Sweet readily agrees that Japanese animation was instrumental in getting air time on MTV, although he doesn't plan to keep using it. "I don't want to be known as 'the guy with the cartoons in his videos,'" he jokes. "The animation served its purpose by drawing the attention of people switching channels, who'd see this weird animation from Mars or something. And then, maybe they'd realize there was a song going along with it."
The idea to use Japanese animation to promote his music first occurred to Sweet when he saw a page of Terasawa's Cobra, first published in English by Viz. "There's something I like about the Cobra stuff. I mean, in a way, it's sleazier than a lot of other Japanese animation. The art is really cool-looking, and the people are very beautiful to me.

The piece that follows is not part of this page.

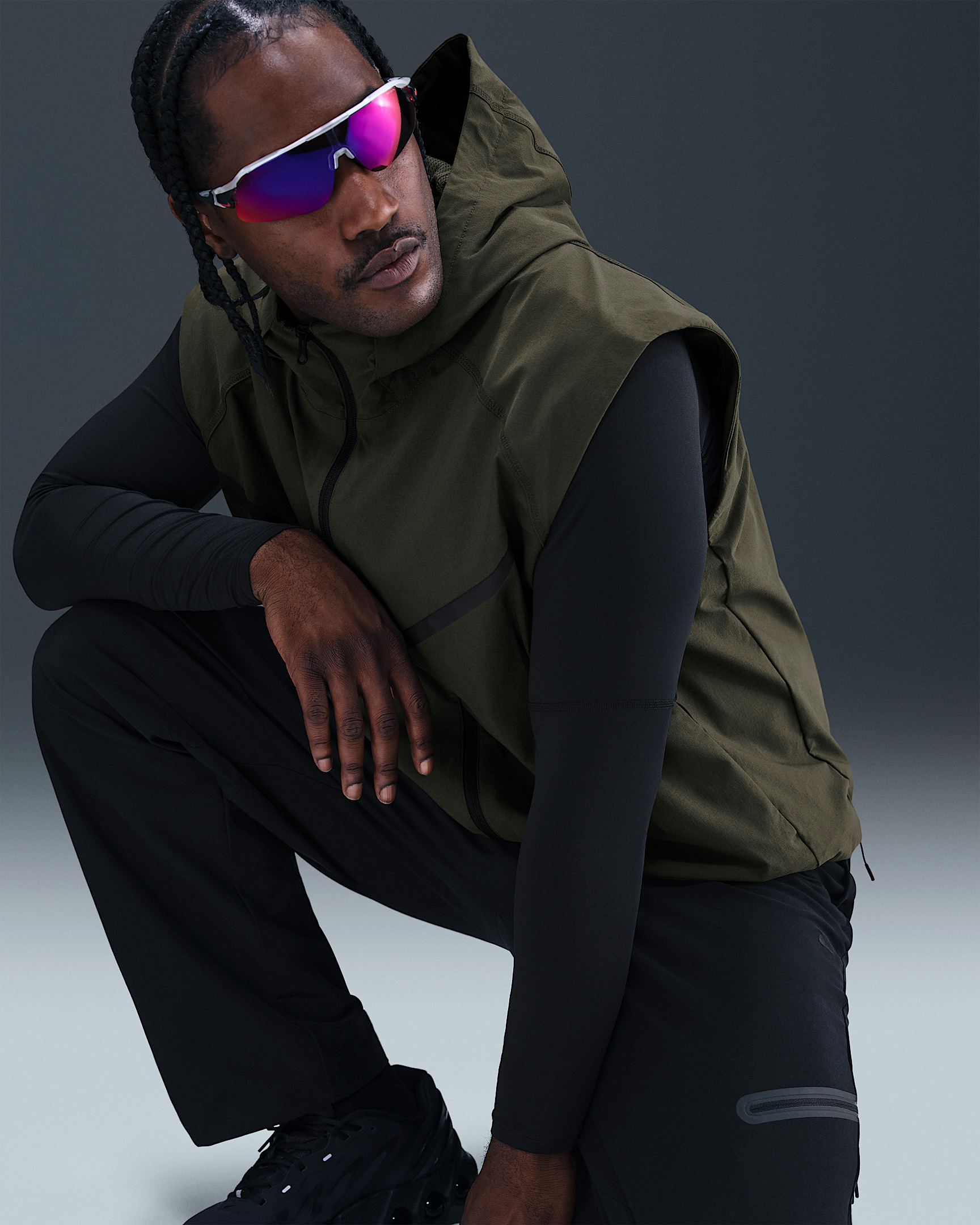 Nike Tech Men's Dri-FIT Woven Windrunner Vest - 3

"The particular drawing I wanted to use was this kind of coffin flying through space with the Jane Royal character lying inside of it. It was like a cross-shaped coffin; it had this kind of religious vibe to it. It was sort of weird and fatalistic...kind of a sex-death vibe."
Difficulties with securing rights prevented the artwork from being used
as Sweet had hoped for his 45 rpm single "Holy War." It wasn't
until his first promotional single, "Divine Intervention," that
the Sweet-Tarasawa connection could at last be made.

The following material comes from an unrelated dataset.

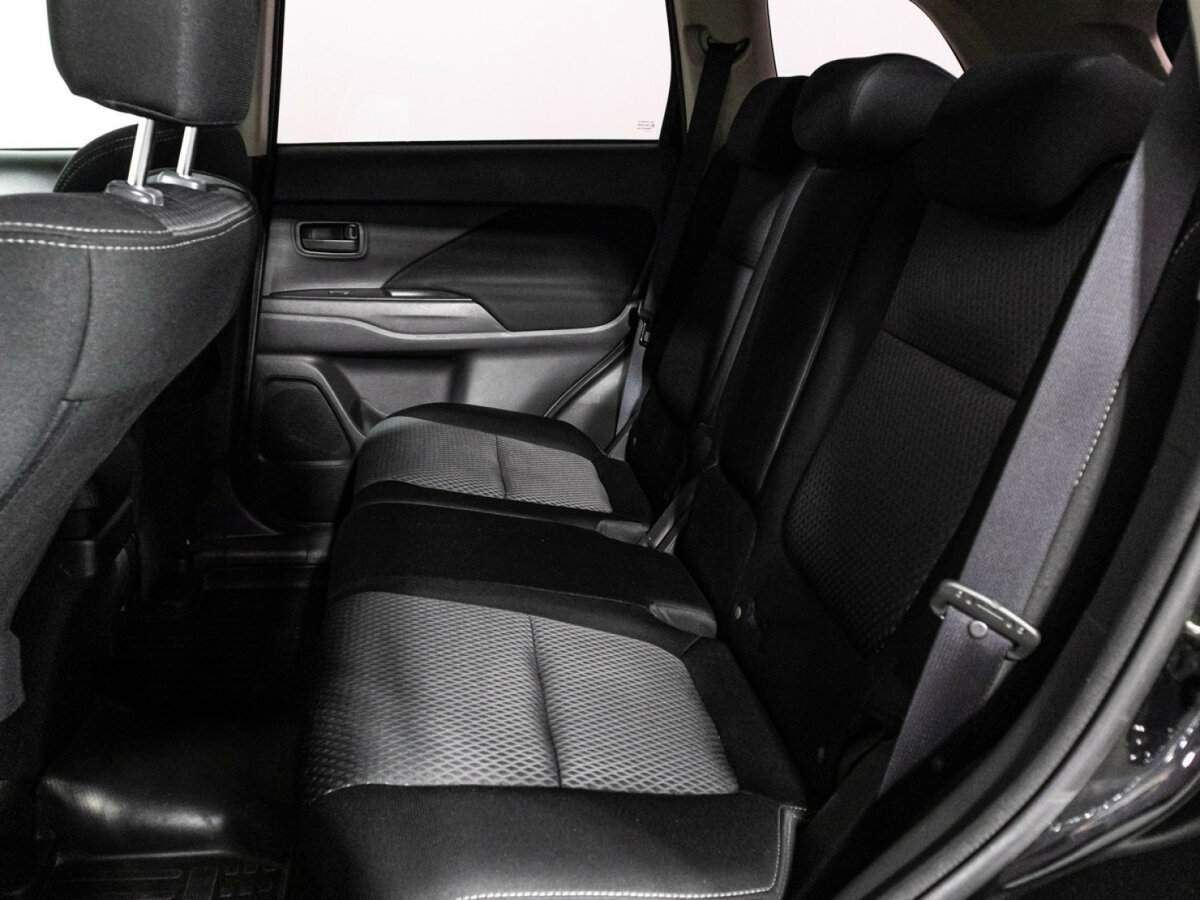 Mitsubishi Outlander 2017 года с пробегом. Фото: #9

Although it certainly wasn't the first animated video to be shown on MTV,
Sweet's "Girlfriend" video was the only one to use Japanese animation
so extensively. His next video, "I've Been Waiting," starred the
green-haired, bikini-clad Lum from Rumiko Takahashi's Urusei Yatsura
series and became a causes celebre among anime fans around the world. Sweet
says he chose Cobra for "Girlfriend" because he wanted something
"a little more hard-edged, sexier, more rock 'n' roll than Lum,"

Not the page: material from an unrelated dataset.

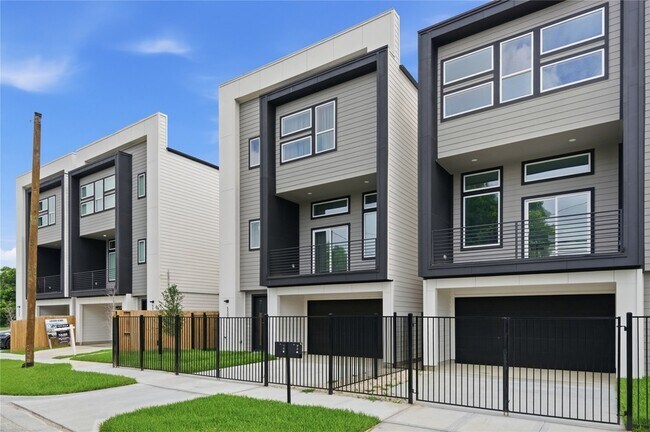 Building Photo - 5509 Hershe St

who to him is softer and more suited to pop music.
Sweet is so...well, sweet on Lum that during October of 1991 he tattooed her image on his left arm. According to a recent interview in Animage magazine, the tattoo has "completely become his trademark" in Japan. Everywhere he went, he tells us, he was greeted with cries of "Show me Lum!" from hordes of excited schoolgirls.
"Getting the tattoo was kind of a spur-of-the-moment thing." Sweet laughs. "I mean, it's not like I was drunk or anything. I'd happened to have these Urusei Yatsura cassette covers with me. One of my guitar players and I walked into this tatto place on Sunset and I just started talking to the people. They were very nice and very normal, not at all what I'd thought they'd be like. A few days later I broke down and just did it-I got the Lum tattoo, much to the shock of everyone, the dismay of some, and the delight of others.
"I've never regretted it," Sweet says. "I just love the Lum character. She just...makes me happy. I thought of the tattoo as something that was different and neat and uniquely me. I didn't get it to show off to other people. It was something I did for my own personal enjoyment."
Does his mother know?
"It's a good thing there's laser surgery," she says.